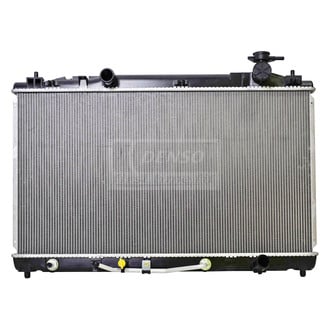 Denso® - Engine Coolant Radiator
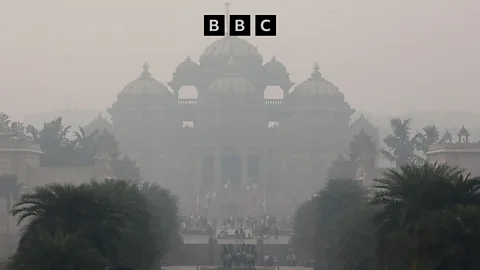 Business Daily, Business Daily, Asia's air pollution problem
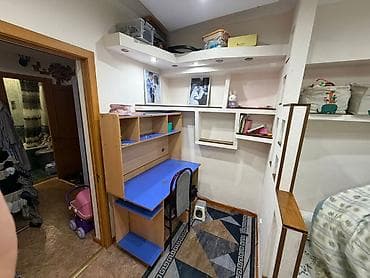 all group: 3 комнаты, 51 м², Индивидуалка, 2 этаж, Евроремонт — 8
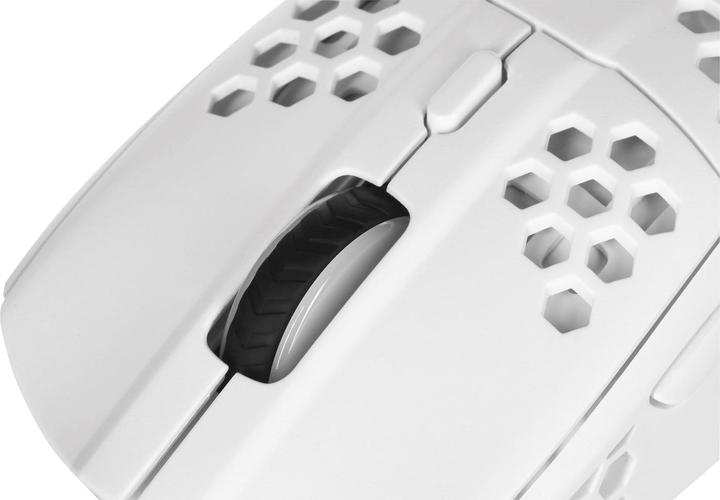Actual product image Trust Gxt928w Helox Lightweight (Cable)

==

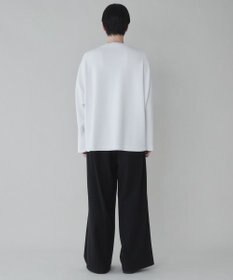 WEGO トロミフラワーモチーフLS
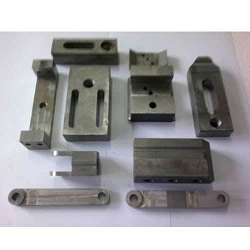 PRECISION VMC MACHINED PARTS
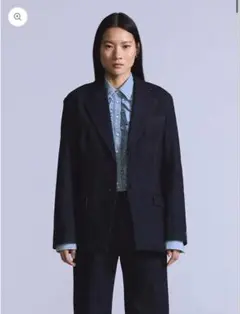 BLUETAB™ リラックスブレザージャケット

• PROBLEM TO WORK ON:
I would like the exact lines from the data above, starting with the one that holds "Business Daily, Business" and going on through the one that holds "Actual product image", without the pictures.

• TASK RESULT:
 Business Daily, Business Daily, Asia's air pollution problem
 all group: 3 комнаты, 51 м², Индивидуалка, 2 этаж, Евроремонт — 8
Actual product image Trust Gxt928w Helox Lightweight (Cable)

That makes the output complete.